I am a scrappy activist and advocate. The seeds of my activism were planted all throughout my childhood. I was teased and ridiculed during my school years about my physical appearance particularly my teeth. The teasing and ridicule was incredibly painful but the pain that I felt gave me a desire to fight for those deemed to be the “throwaways.”
When I entered Spelman College, I met people who for the first time in my life, accepted and supported me unconditionally. My years as a student at Spelman cultivated and focused my activism towards improving women’s lives. Spelman taught me that I have a responsibility to use my talents in the service of others. It is the desire to be of service that led me to law school and drives my advocacy on behalf of single mothers and children. I never considered that one day I would actually live the life of a low-income single mother with children in need of someone to advocate on my behalf.
In February 2006 at the age of 43, I started over with two children, $120.00, an empty refrigerator, and two months of outstanding mortgage payments. I thought that starting over would not be difficult because I had the necessary educational and professional credentials. So I jumped on my proverbial bike and started pedaling as fast and as furiously as possible on what I believed would be a short journey towards rebuilding a new life for my children and myself. But my journey has not been either short or easy. My journey brought me face to face with the traditional systems established to provide a safety net for low-income single mothers. I had to find a full-time job preferably with health insurance during a time period of high unemployment. Until then, I had to care for my children with little to no money while simultaneously managing the mental and emotional issues that I kept stuffed inside during a difficult marriage. So I swallowed my pride applied for jobs, made trips to food banks, applied for benefits, and accepted help from friends who have become like family. While time consuming, invasive, and at times frustrating, I did not find any of these designated safety net systems as exasperating as the child support system.

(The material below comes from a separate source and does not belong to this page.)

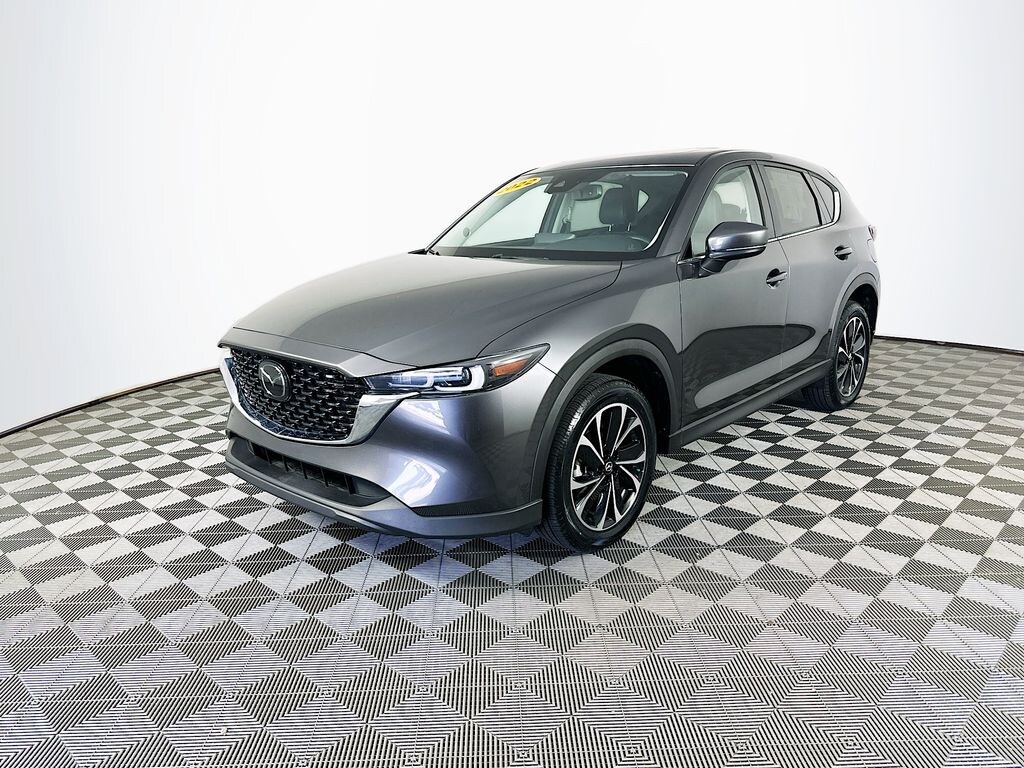 Used 2022 Mazda CX-5 2.5 S Premium Package SUV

The child support system was created to provide financial support for children. While necessary, the child support system can be very complex and convoluted. When I represented children in child custody and post divorce decree matters, I observed custodial parents, primarily mothers, returning to court again and again in an attempt to secure payment of child support arrearages that were owed. In one of my cases, a mother forgave all but $8,000.00 of the $32,000.00 in back child support that was owed and released the father from paying any future child support. The remaining $8,000.00 was broken down into $500.00 monthly payments that have never been paid. I found myself becoming extremely frustrated for them. At the outset of my own case, I decided that I would interact with the child support system as little as possible and only rely upon my income to take care of my children. This decision led me to conclude that single mothers, regardless of income level, would be better served if taught to be educationally and economically stable independent of the so called “safety net” systems that were established to provide such support. To accomplish this I believe that we must work collaboratively to provide low-income parents, particularly single mothers, with the tools needed to achieve the educational and economic stability needed to maintain a household.